Matt ist eine Legende in der YouTube Fotografie-Community. Wenn Du etwas über neue Technik und Ausrüstung lernen möchtest, ist Matt's Kanal wohl die beste Anlaufstelle. Obwohl Matt ein international begehrter Tutor, Lehrer, Tester, Fotograf und Künstler ist, hat er sich die Zeit genommen um uns für ein Interview zu treffen. Wir freuen uns, das neueste Mitglied des compagnon Ambassador Teams zu begrüßen: Matt Granger

compagnon: Schon vor vielen Jahren galt immer, wenn man selbst mittels YouTube etwas über Fotografie dazulernen wollte, abonnierte man den Kanal von ’That Nikon Guy’ und war mit vielseitigen Inhalten gut versorgt. Wie kam es dazu, dass Du diesen Weg gegangen bist und dein Wissen auf YouTube teilen wolltest? Was hat sich, deiner Meinung nach seit damals, vor fast einem Jahrzehnt, verändert?

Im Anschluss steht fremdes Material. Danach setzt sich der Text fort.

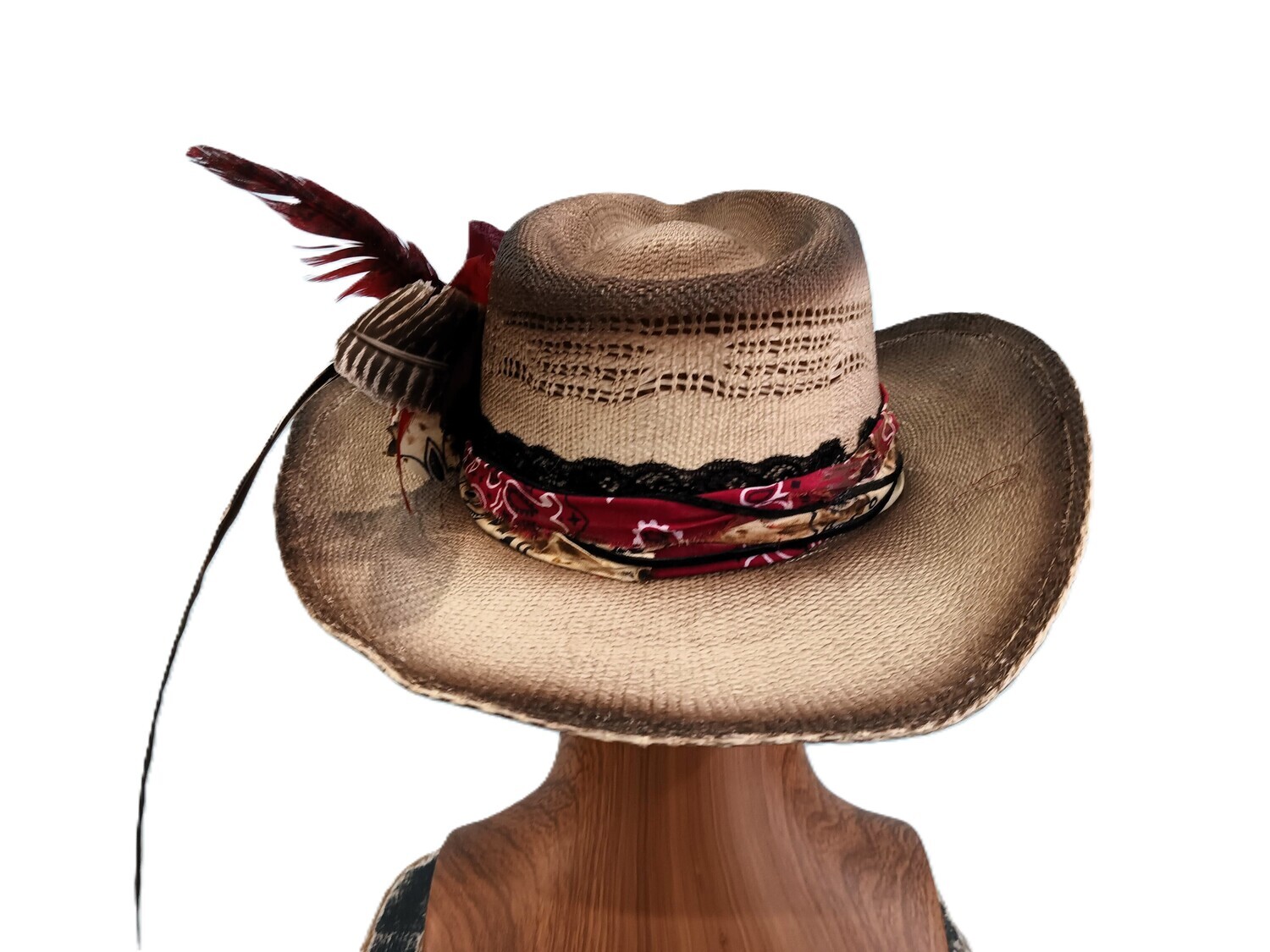 Smokey/ Red Straw Cowboy Hat 1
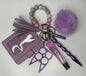 Lilac Beaded Keychain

Matt Granger: "Ist das schon so lange her? Wow! *lacht* Zuerst, der [Account] Name - Ich habe mir meine Ausrüstung angeschaut und eine Menge Nikon Logos gesehen. Ich habe mich direkt für den Namen entschieden, als ich den Account eröffnet habe. Ich habe mein erstes Video gefilmt und hochgeladen, in dem Gedanken, dass mir vielleicht ein paar Nikon-Nutzer folgen würden. Der eigentliche Impuls für den Kanal war etwas naiv. Ich hatte damals eine Kameratasche online gesucht und ein Review dazu gesehen. Da dachte ich mir: "Ha! Jemand hat ein Video über eine Tasche gemacht. Das mache ich auch, wenn meine ankommt."
Dieses erste Video gibt es noch immer auf meinem Kanal... Natürlich hat sich die Qualität meiner genutzten Produkte und wohl auch die Qualität meiner Videos seit damals stetig verbessert. Und was hat sich sonst getan? Vieles. Ich lebe jetzt in New York, verbringe jeweils das halbe Jahr auf Reisen, kollaboriere mit netten, kreativen Menschen und auch meine Kamerataschen sind jetzt die stylishsten und hochwertigsten die es gibt."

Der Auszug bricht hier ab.